I know there is a version detection section in the startup-sequence that (coffin-start) that checks the version of the Vampire card installed and prompts to install the latest (at the time of writing) v2.11 Gold firmware. I held down both mouse buttons on boot and selected to Boot no startup. I could then verify the lines in the coffin-start file as below:

The key bit is the C:GOLD211_V500 program, which is the bit that runs to update the core. So I ran it from the Shell and it then detected the Vampire 500V2 and asked to flash the Vampire with the latest 2.11 version:

The flashing process ran and completed successfully:

I then powered down and powered on again to use the new firmware v2.11 Gold version with Vampire 500 V2! It worked, and the updated splash boot screen shows the new version:

The setup process kicks off and asks me to setup the locale, language, mouse, and network settings:

I am in Australia of course, so I quickly change the default.
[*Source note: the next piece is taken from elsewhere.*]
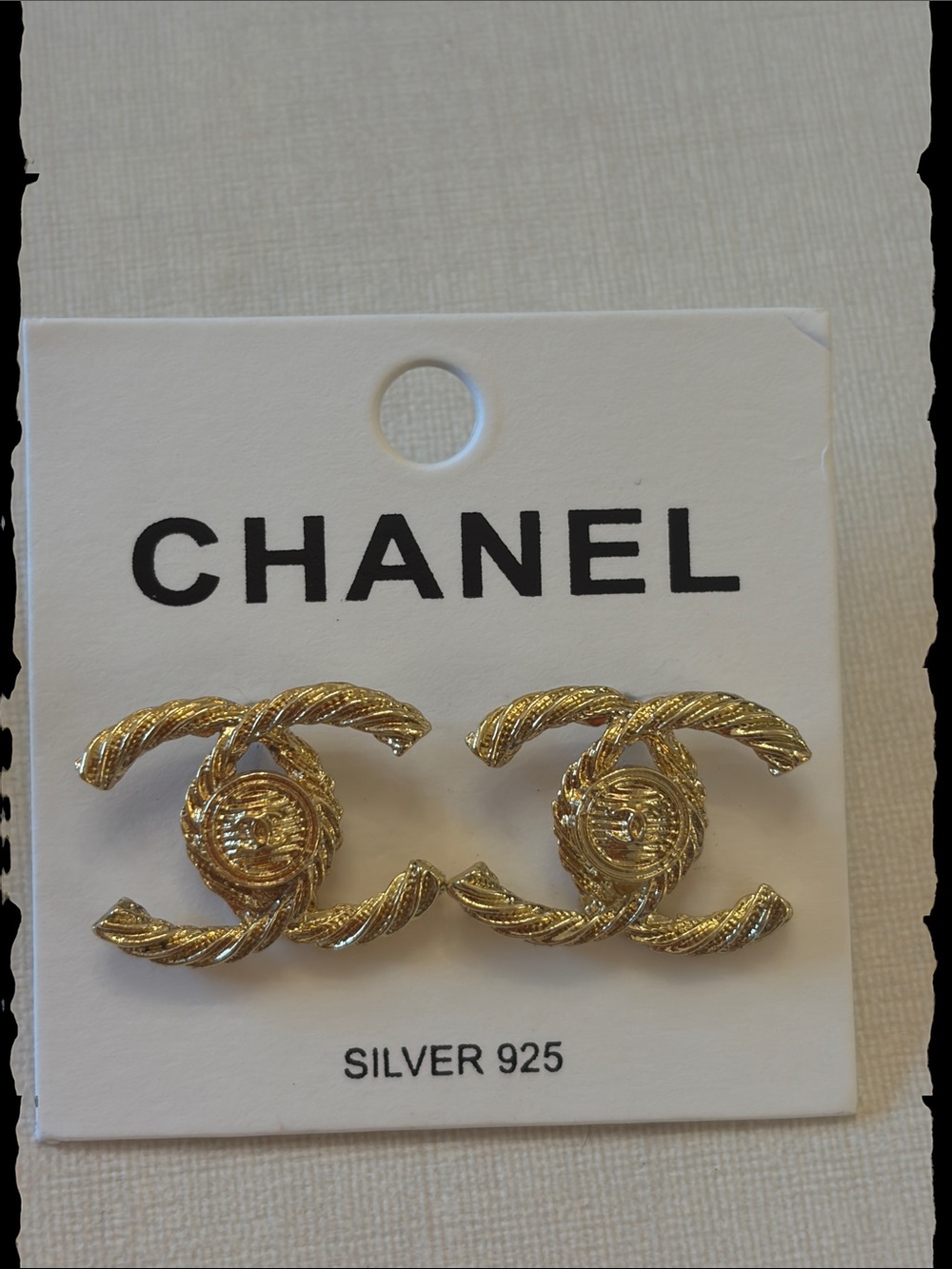 Cc earrings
After all, we don't all live in the US!

The workbench screen then appears, initially in a safe HDMI RTG 800x600 screenmode:

Personal thing, but I hate the CoffinOS default picture. I don't know about you, but each to their own!

The prebuilt CoffinOS is impressive, with full icon replacement and loads of software, application, games and demos all installed on the CF card, ready to run.

So I jumped right in, starting with Foundation Gold RTG - a game I could never run on the Amiga 500 before the Vampire:

I am also impressed with the speed of the Vampire, being able to handle MP3 playback without extra decoding hardware, and providing a beautiful RTG display on modern TFT screens:

Further proof of the speed of the Vampire is being able to run AmiQuake RTG full screen, on my Amiga 500!

You can also run Quake2 on the Amiga 500 with the Vampire, albeit at a low resolution compared to Quake. But still very impressive that an Amiga 500 can run Quake 2 :-)

I was surprised to see that ADescent runs very well on the Vampirised Amiga 500 too:

Really amazing to see an Amiga 500 do this!

Turning to the WHDLoad games installed on the CoffinOS CF card, I decided to have a go at Rainbow Islands:

Being a demoscene person, I had to try the demos next. I was so amazed to see demos I could only run on my Amiga 4000T with 060, run flawlessly on my Amiga 500 with Vampire 500V2:

Elude's We Come in Peace demo runs better on the Amiga 500 than it does on my Amiga 4000T!

Last but not least, Ghostown's Metropolice demo, running faster on the A500 with Vampire 500V2 than it does on my Amiga 4000T with 060:

I have a lot more I still want to do with this setup.

However, I want to display this Checkmate A1500 Plus system at the Adelaide Retro Computing Group meeting on this Friday, so I will leave it in this working state for now!